Context Window
The maximum number of tokens a language model can process in a single forward pass — encompassing the system prompt, conversation history, retrieved documents, tool results, and the model's own generated output.
Definition
The context window is the total token budget available to a language model during a single inference call. Every token that the model can "see" and reason about must fit within this limit. Exceeding it requires truncation, summarization, or retrieval-based strategies.
Modern frontier models have dramatically extended context windows — from GPT-3's 4K tokens to 128K (GPT-4o), 200K (Claude 3), and beyond — but the context window remains a fundamental design constraint in every agent system.
What Counts Against the Limit?
| Component | Typical Token Cost |
|---|---|
| System prompt | 500 – 2,000 tokens |
| Conversation history | Grows linearly with turns |
| Retrieved RAG chunks | 500 – 2,000 per retrieval |
| Tool schemas | 100 – 500 per tool |
| Tool call results | Varies widely |
| Model output (completion) | 500 – 4,000 tokens typical |
Context Window vs. Memory
The context window is not the same as agent memory. The context window is ephemeral — it exists only for a single inference call. Agent memory systems (vector stores, key-value caches, episode summarization) persist information across calls and selectively load relevant pieces into the context window when needed.
Strategies for Managing Context
- Sliding window — drop the oldest messages when the window fills up.
- Summarization — periodically compress prior turns into a compact summary.
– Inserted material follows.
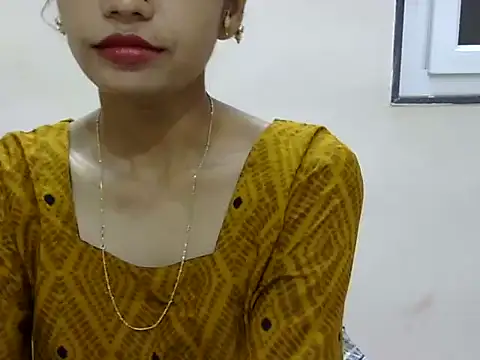 Kulsum S online show from 05-19-26, 01:40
- RAG / selective retrieval — store long documents externally and retrieve only relevant chunks.
- Tool result truncation — trim or summarize verbose tool outputs before passing them back to the model.
- Structured state — maintain agent state as a typed object rather than raw conversation history; serialize only what the model needs.
Performance Implications
Inference cost scales roughly linearly with total context tokens (input + output). Latency, particularly time-to-first-token, also increases with context length. For production agents, context management is one of the primary levers for controlling cost and speed.